Department store Myer fell 1.3 per cent after reporting flat sales and saying a bungled roll-out of a new robot warehouse has dealt an $8 million blow to its half-year profits.
Mortgage insurer Helia plunged 15.9 per cent as its shares traded ex-dividend, meaning they started trading without giving investors the right to the company’s latest dividend.
The lowdown
Gloomy investor sentiment returned to Wall Street overnight and ended the cautious buying mood of the past three sessions on the ASX, after ratings agency Fitch downgraded its US economic growth outlook from 2.1 per cent to 1.7 per cent over Donald Trump’s new and incoming tariffs.
“Apart from the direct impacts of tariffs, the elevated uncertainty around US policy will also likely weigh on business investment and potentially consumer activity,” NAB economists wrote in a research note.
“As a result, financial markets have come under stress, particularly US equities, with weak early 2025 economic data for the US also a factor.”
The S&P 500 dropped 1.1 per cent overnight for its latest swerve in a scary ride, where it tumbled by 10 per cent from its record and then rallied for two straight days. The Dow Jones fell 0.6 per cent and the Nasdaq composite sank 1.7 per cent.
Tesla was one of the heaviest weights on the US market after falling 5.3 per cent. The electric-vehicle maker’s stock has been struggling amid worries about sales declines because of anger at its CEO Elon Musk, who has been leading efforts to cut spending by the US government. EV rivals, meanwhile, continue to chip away at its business. China’s BYD on Monday announced an ultra-fast charging system that it says is nearly as quick as a petrol fill-up.
Alphabet sank 2.2 per cent after the owner of Google said it would buy cybersecurity firm Wiz for $US32 billion ($50 billion). It would be the company’s most expensive purchase in its 26-year history, and it could boost the tech giant’s in-house cloud computing amid burgeoning AI growth.
Investor attention is now firmly on the Federal Reserve, which will reveal its latest interest rate decision on early Thursday morning AEDT.
Virtually everyone on Wall Street expects the US central bank to hold its main interest rate steady as it waits for clues about how conditions play out. The US job market, for the moment at least, appears relatively stable after the world’s largest economy ended last year in a strong position.
“A rate cut [...] is not looking likely, following recent volatility and market uncertainty thanks to President Trump’s tariffs,” said Josh Gilbert, a market analyst at eToro.
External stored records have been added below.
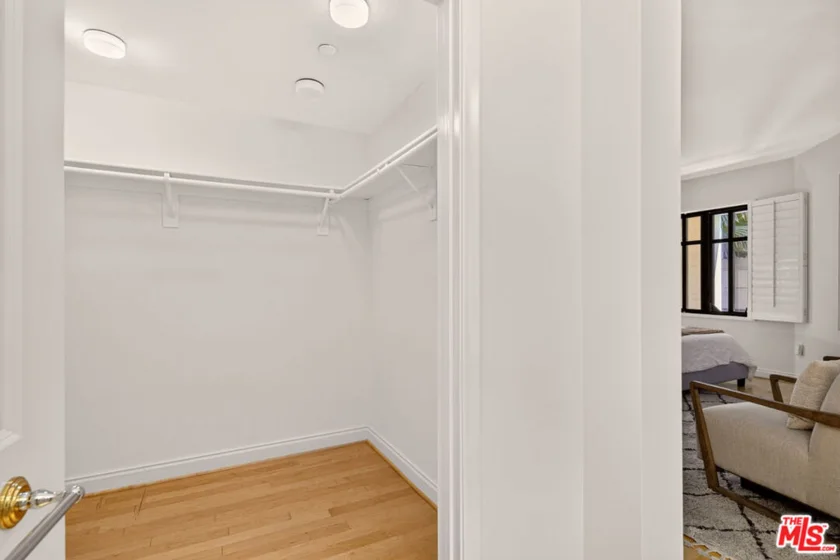 11847 Gorham Avenue #112 photo 5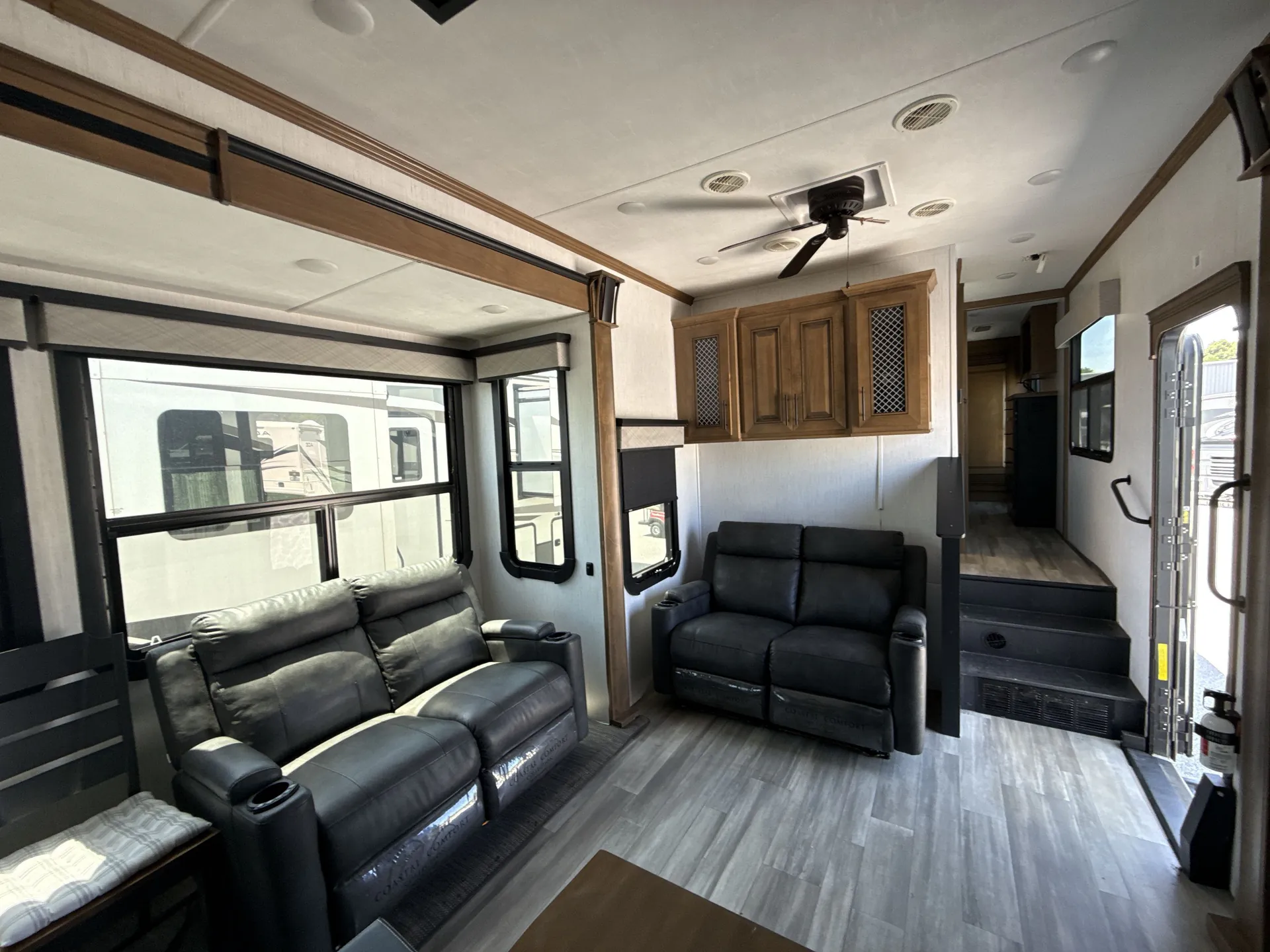 2021 Heartland Bighorn 3120RK — living area main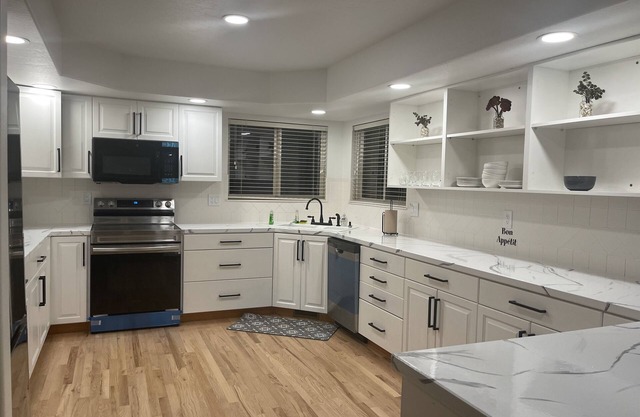 Luxury Home in Greeley - Huge Space -410O sq ft- 4 Bedr 4 bath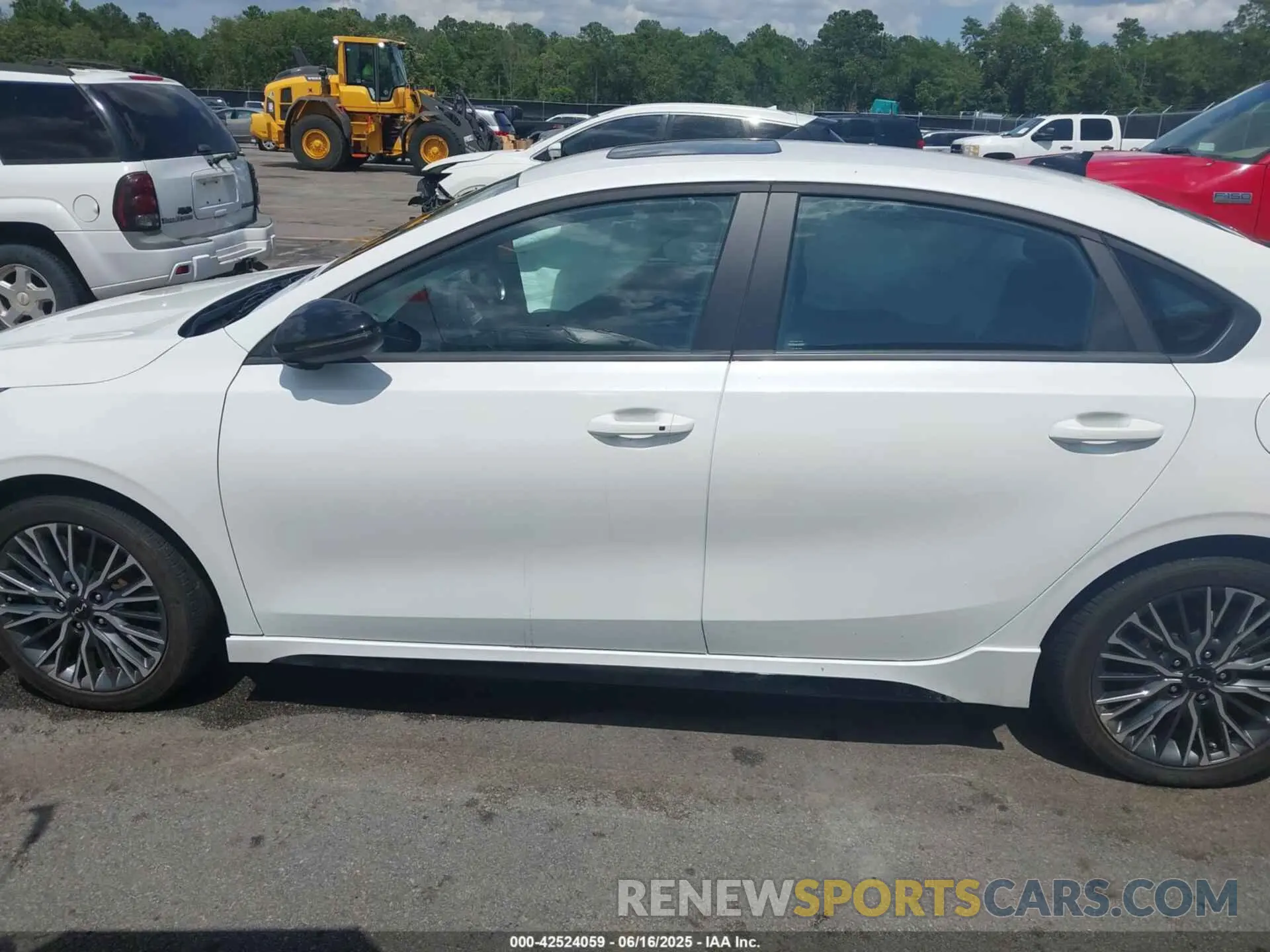 14 fotografías del automóvil dañado 3KPF54AD6RE824187 KIA FORTE 2024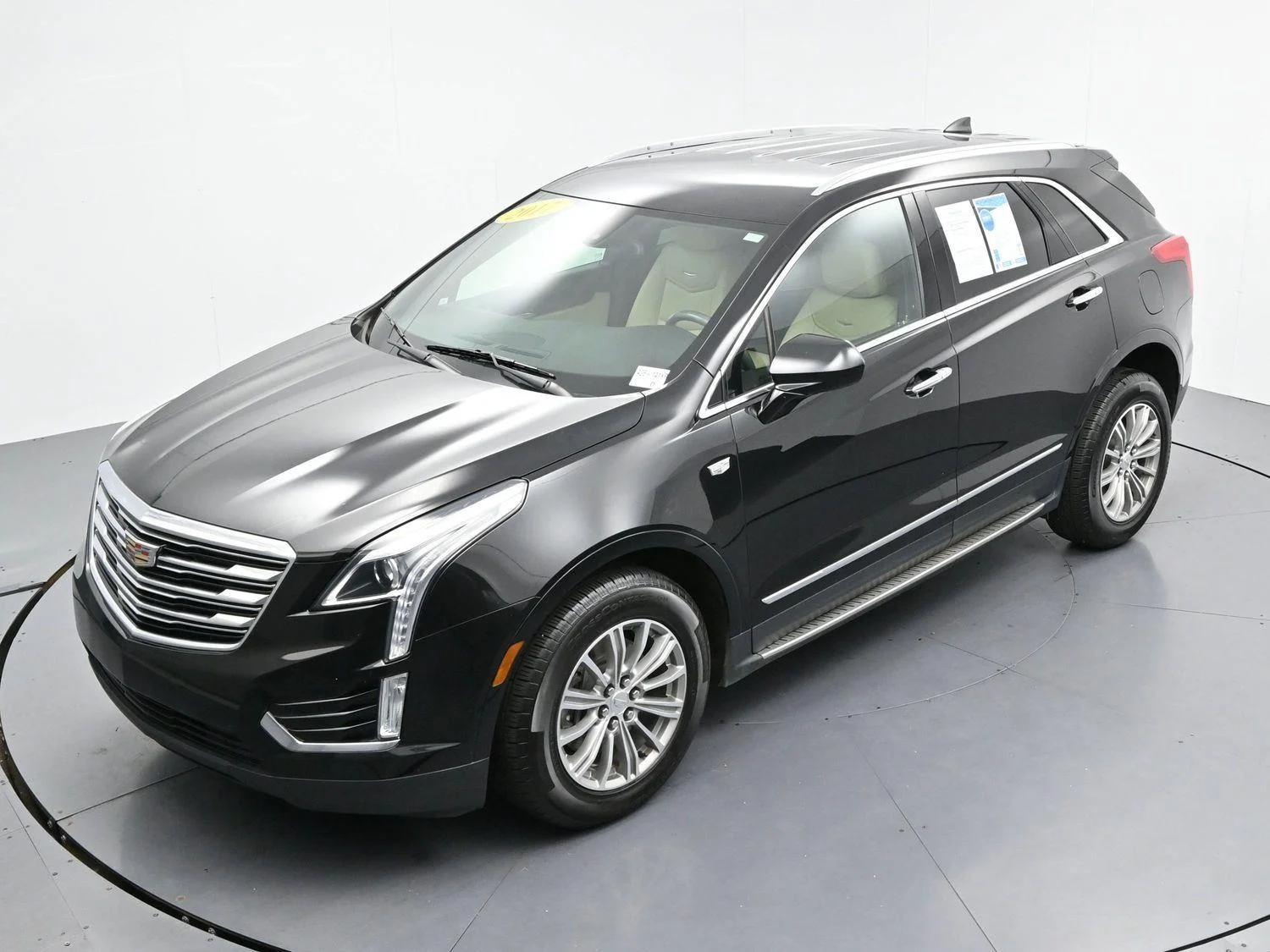Used 2017 STELLAR BLACK METALLIC Cadillac FWD image 35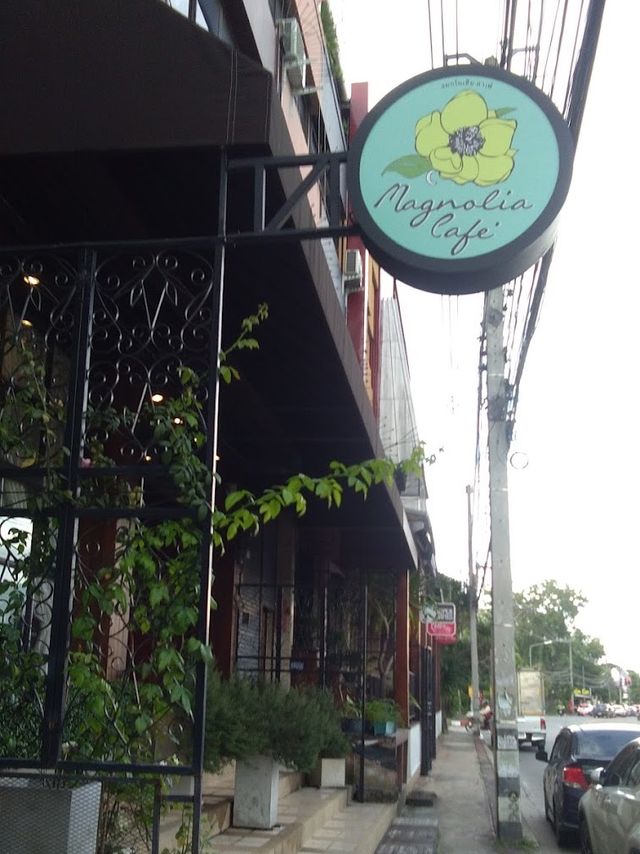 Magnolia Cafe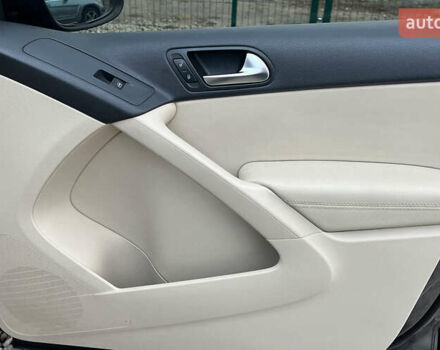 Серый Фольксваген Тигуан, объемом двигателя 1.98 л и пробегом 244 тыс. км за 11000 $, фото 26 на Automoto.ua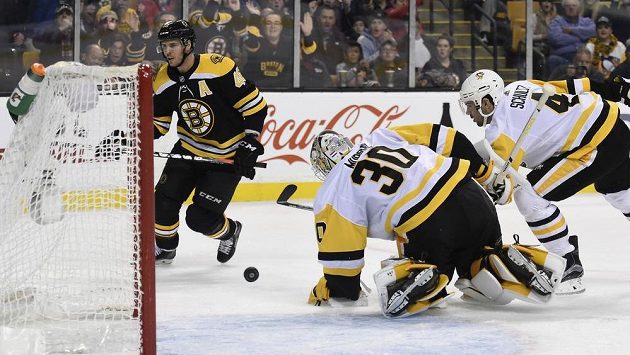David Krejčí (46) z Bostonu překonává Matta Murrayho (30) z Pittsburghu. David Krejčí (46) z Bostonu překonává Matta Murrayho (30) z Pittsburghu.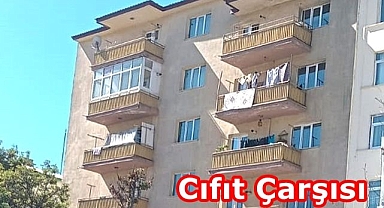 Tekkeyi bekleyen çorbayı içer Apartmanı!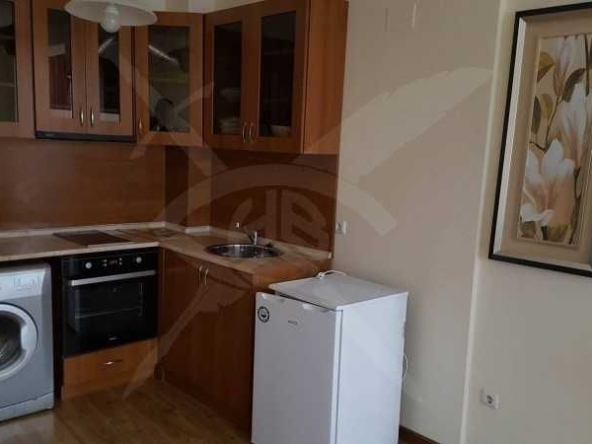 Дава се под наем Двустаен апартамент в к.к. Св.Св. Константин и Елена - 82 кв.м за 648.21 € - Снимка #1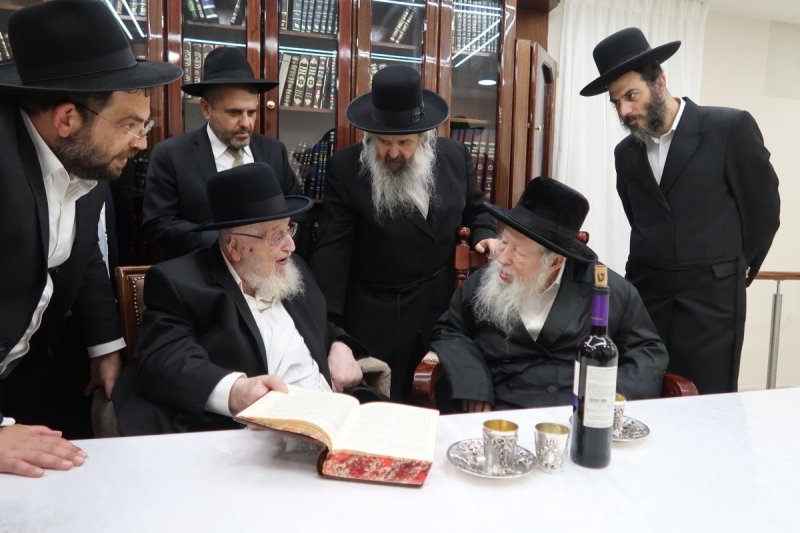 באדיבות המצלם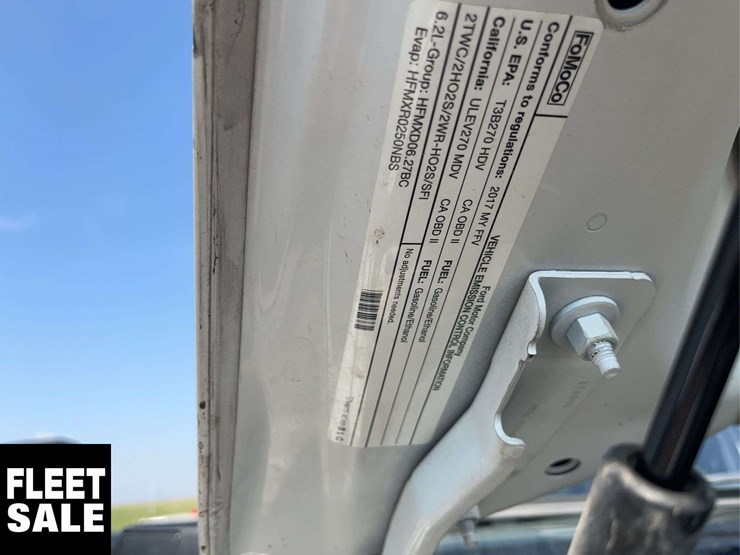 2017-ford-f350-image-18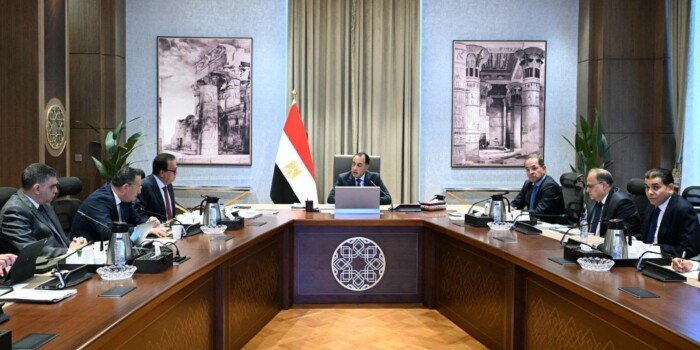 90 مليار جنيه لتأمين المخزون.. مدبولي يتابع توافر الأدوية والمستلزمات الطبية بالمستشفيات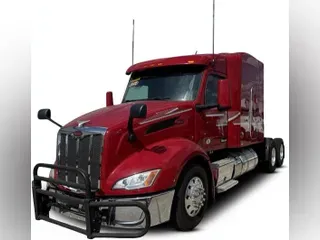 2022 Peterbilt 579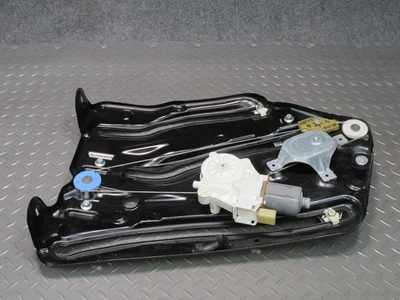 07-13 BMW E93 335i REGULADOR DE JANELA TRASEIRO DIREITO CONVERSÍVEL COM MOTOR FABRICANTE DE EQUIPAMENTO ORIGINAL - Imagem 1 de 4
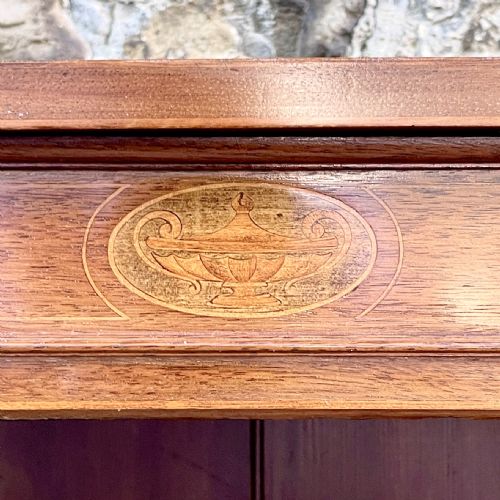 AN EDWARDIAN MAHOGANY BOOKCASE - ADDITIONAL PHOTO 7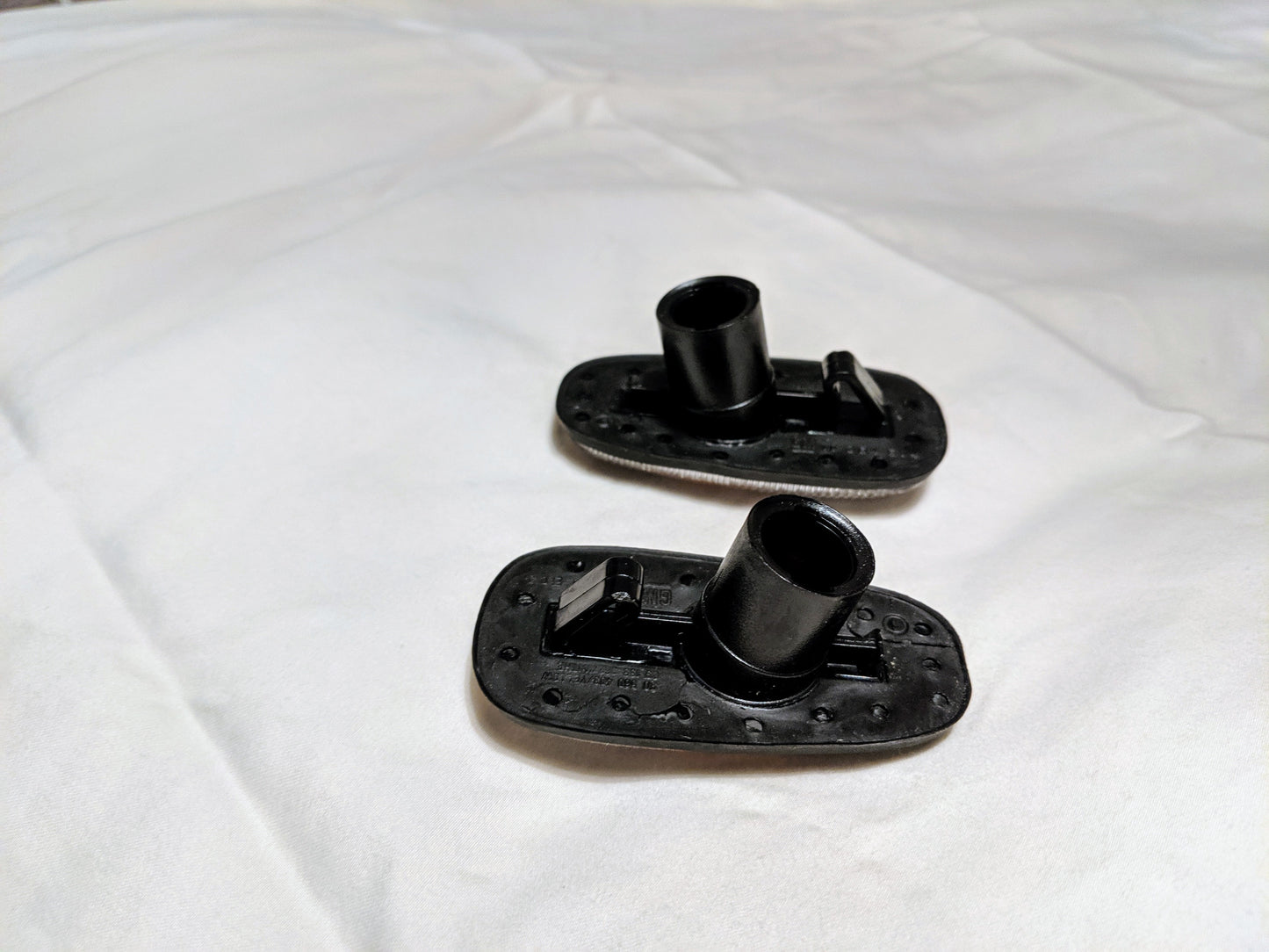 NEW 2005-11 Cadillac STS Fender Side Marker Signal Light Lamp Lens OEM 15930599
“With tariffs set to make a number of products more expensive for Americans, the Federal Reserve is likely to be on close watch as the repercussions of Trump’s tariffs become evident over the next few months. If trade war tensions continue to escalate, the view of no rate cuts this year remains a real possibility,” he added.
The main focus will be on the forecasts the Fed will publish after the meeting, showing where officials expect interest rates, inflation and the economy to head in upcoming years. For now, traders on Wall Street are largely expecting the Fed to deliver two or three cuts to rates by the end of 2025.